Chess In The Library

Chess In The Library

Sunday, 18 September 2011

Chess in Armenia

School has started, and by now, most of us have entered our regular routine, whatever it may be. Some prefer to take a nap before they start their homework, while some prefer to procrastinate till 12 at night. Despite the differences in our individual schedules, we all have one thing in common: homework. Now imagine that other than your regular math, and science homework, you had homework for... chess!

The Armenian Ministry of Education recently made it mandatory for students age six and above to study chess in the classroom for at least two hours per week. Armenia is on its way to become a chess superpower with their top player, Levon Aronian, ranking number three in the world, and their national team winning at the biennial International Chess Olympiad in 2006 and 2008. With these new mandatory chess lessons, Armenia hopes to bring about a wave of talented chess players to enhance their army of professional chess players.

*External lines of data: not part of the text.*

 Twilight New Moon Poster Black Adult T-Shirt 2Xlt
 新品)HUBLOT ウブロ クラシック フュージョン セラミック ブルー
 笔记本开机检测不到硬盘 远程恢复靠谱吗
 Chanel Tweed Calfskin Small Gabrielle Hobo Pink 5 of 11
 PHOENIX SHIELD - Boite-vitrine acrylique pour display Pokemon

Despite Armenia's bad economic standing, Armenian Presdient Serzh Sargsyan and the Chess Academy of Armenia have decided to invest approximately $1.5 million in this program. The program is being implemented on the basis that it will nurture the students' intellectual development and teach them to think flexibly and wisely.

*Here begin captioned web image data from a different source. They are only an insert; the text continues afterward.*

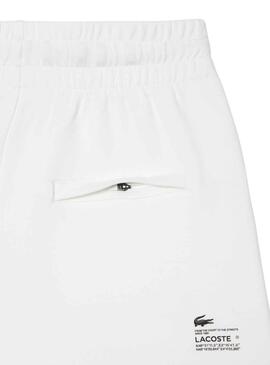 Shorts Lacoste Style Blanco para Mujer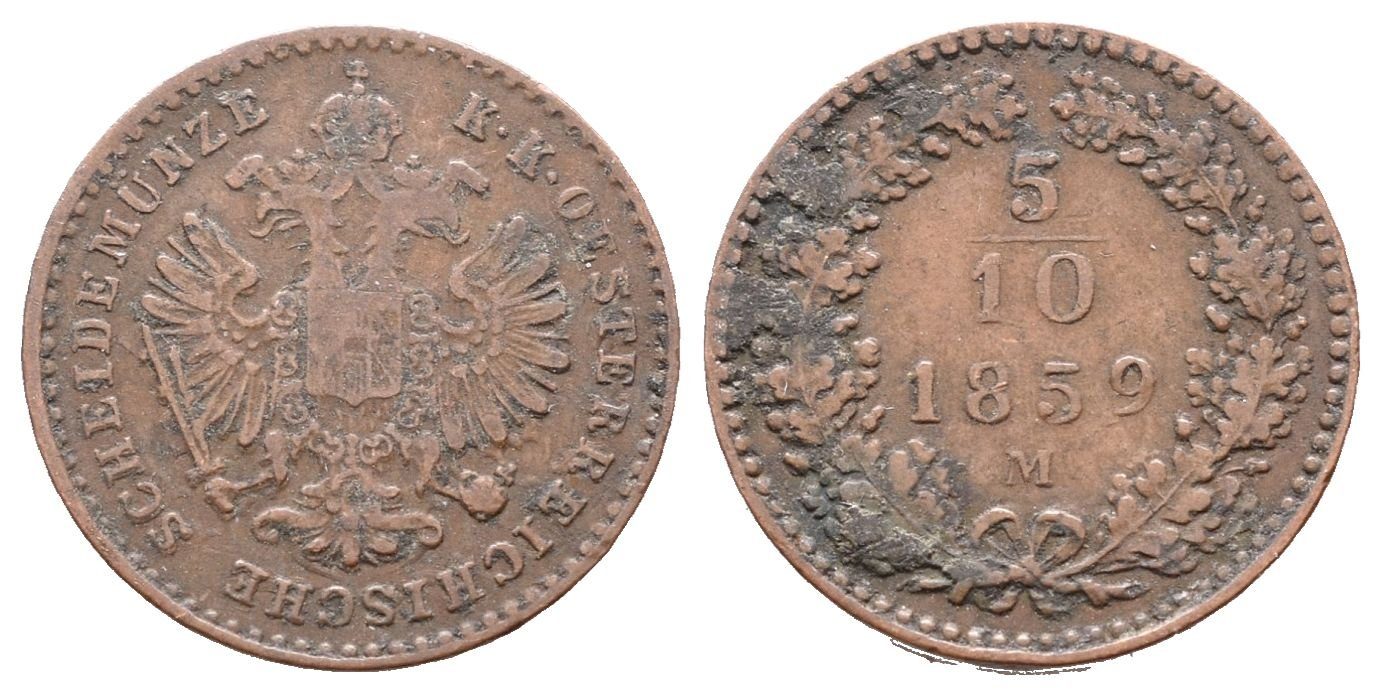 5/10 Krejcar 1859 M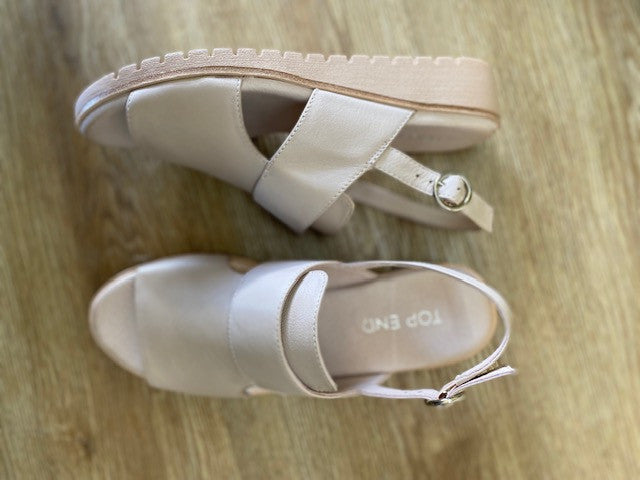 Grissa Wedge Sandal Cafe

While the advantages of such a program are self-evident (intellectual development, recreational integration, etc.), the disadvantages seem to be non-existent.. at least at a glance. The economic repercussions of such a big investment are unknown but even without the economic prospect, the program may not necessarily be advantageous for the students.

Although details about how Armenia plans to go about this integration are yet unknown, one fact remains intact. If the students are required to study chess for two hours a week at school, that invariably means that the students lose two hours a week of school. Over the period of 12 years (age 6 - 18) this seemingly small number adds up to approximately 1080 hours. This means that students lose 1080 hours they might have otherwise spent learning any of the various subjects taught at schools.

Is it worth it? That is for you to decide.